** Problem requirements **
The output has to be the full set of records, reproduced exactly, minus any picture.

######

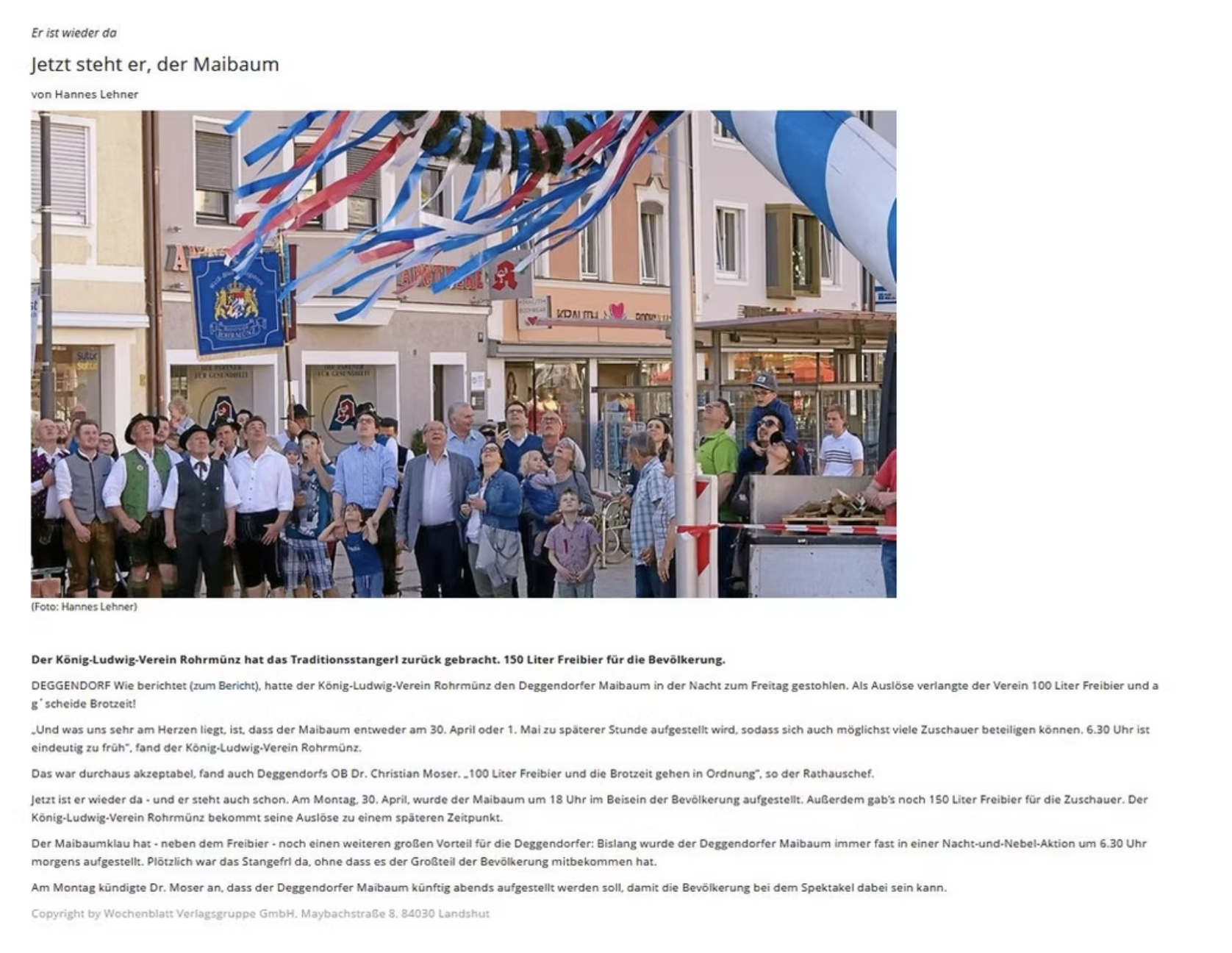 Jetzt steht er, der Maibaum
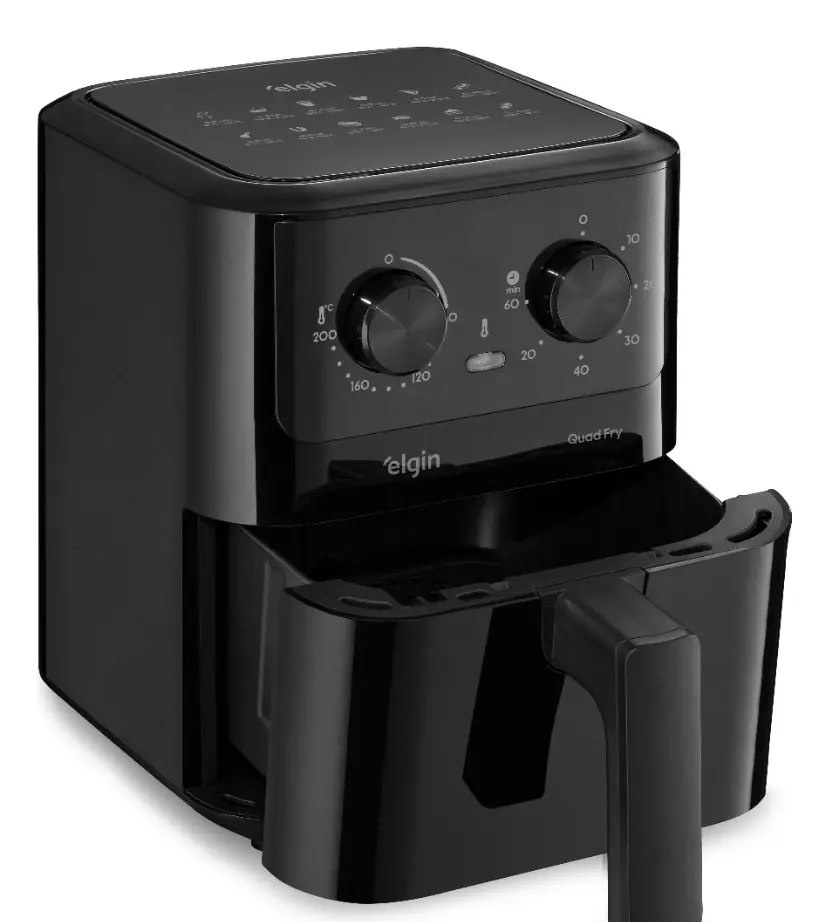 Fritadeira Elétrica Air Fryer Quad Fry 4,2 L,1400w Preto Elgin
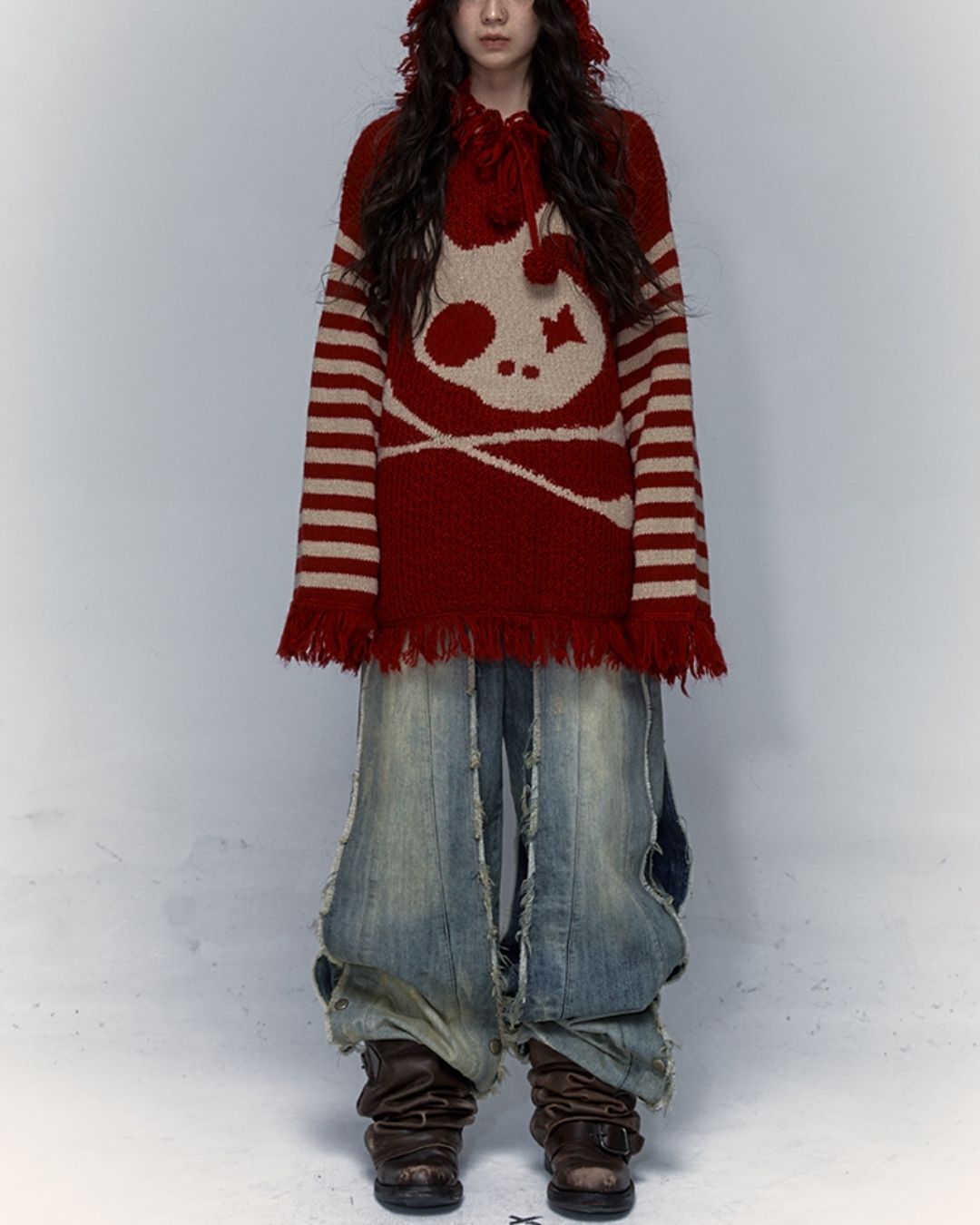 Skull Rabbit Hooded Knit　TP010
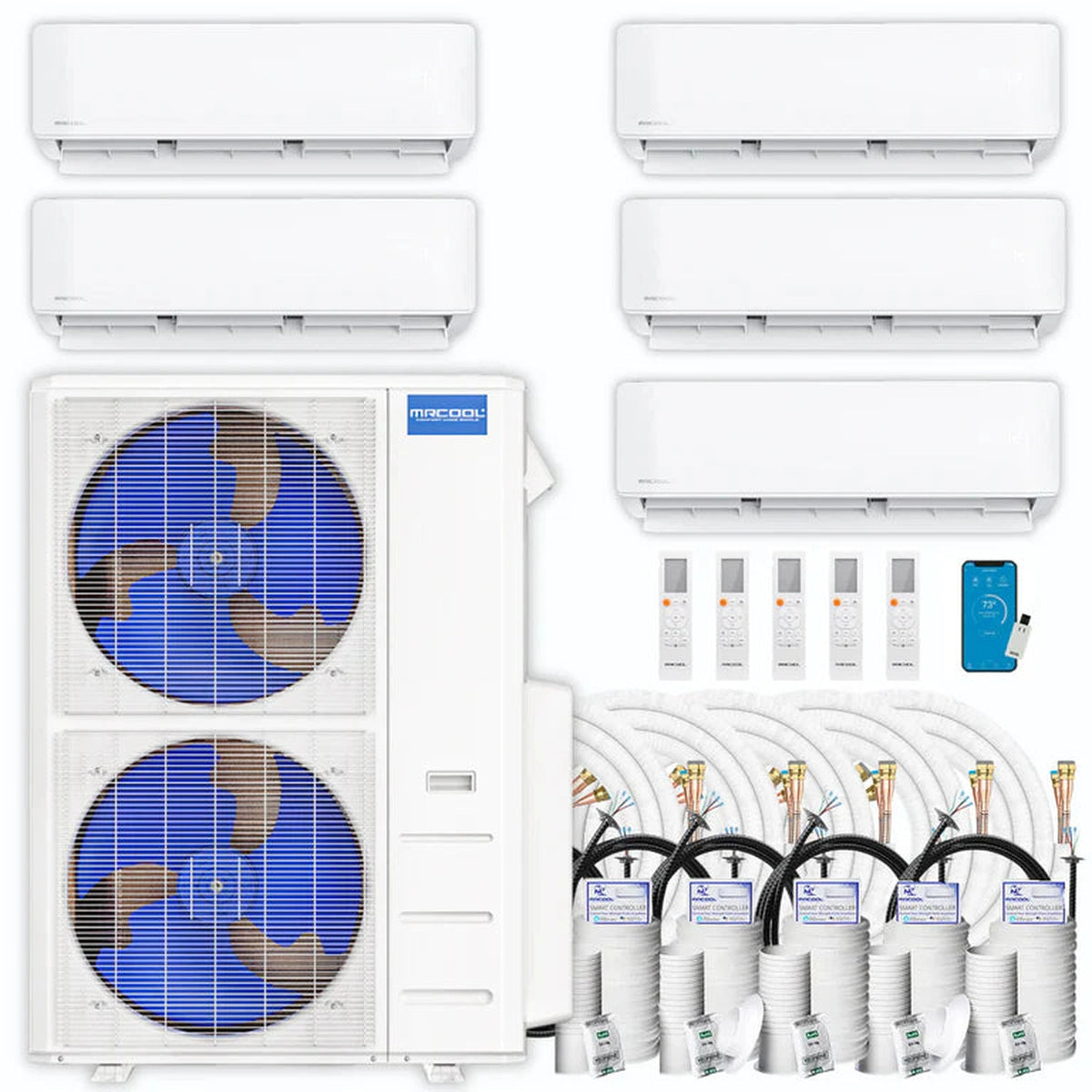 MRCOOL DIY 5th Gen 5-Zone 45,000 BTU Ductless Mini Split Air Conditioner & Heat Pump with 25ft. Pre-Charged Line Sets (9K+9K+9K+9K+9K), DIYM555HPW24D88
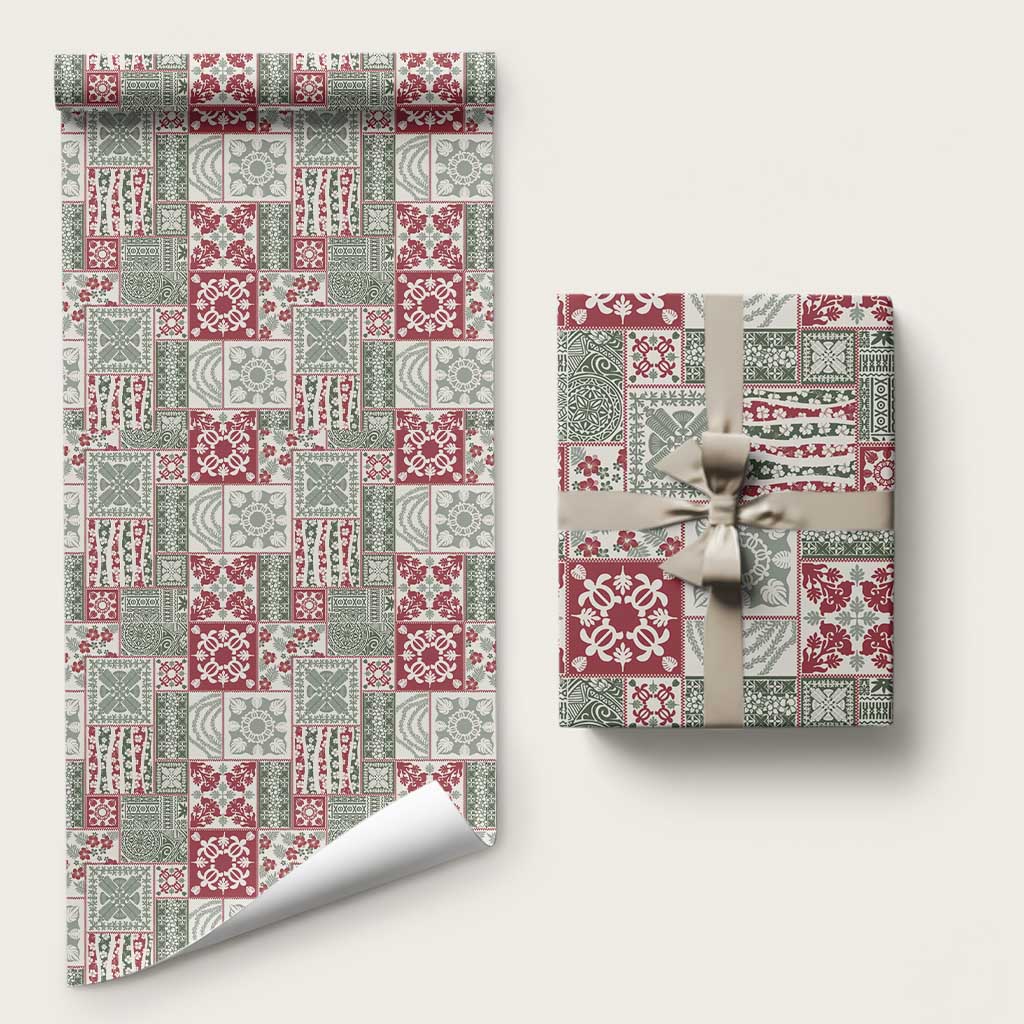 Mele Kalikimaka Hawaii Christmas Wrapping Paper Aloha Spirit with Hawaiian Quilt Pattern LT9 58" × 23" Beige - Polynesian Pride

######

** Reply to the exercise **
 Jetzt steht er, der Maibaum
 Fritadeira Elétrica Air Fryer Quad Fry 4,2 L,1400w Preto Elgin
 Skull Rabbit Hooded Knit　TP010
 MRCOOL DIY 5th Gen 5-Zone 45,000 BTU Ductless Mini Split Air Conditioner & Heat Pump with 25ft. Pre-Charged Line Sets (9K+9K+9K+9K+9K), DIYM555HPW24D88
 Mele Kalikimaka Hawaii Christmas Wrapping Paper Aloha Spirit with Hawaiian Quilt Pattern LT9 58" × 23" Beige - Polynesian Pride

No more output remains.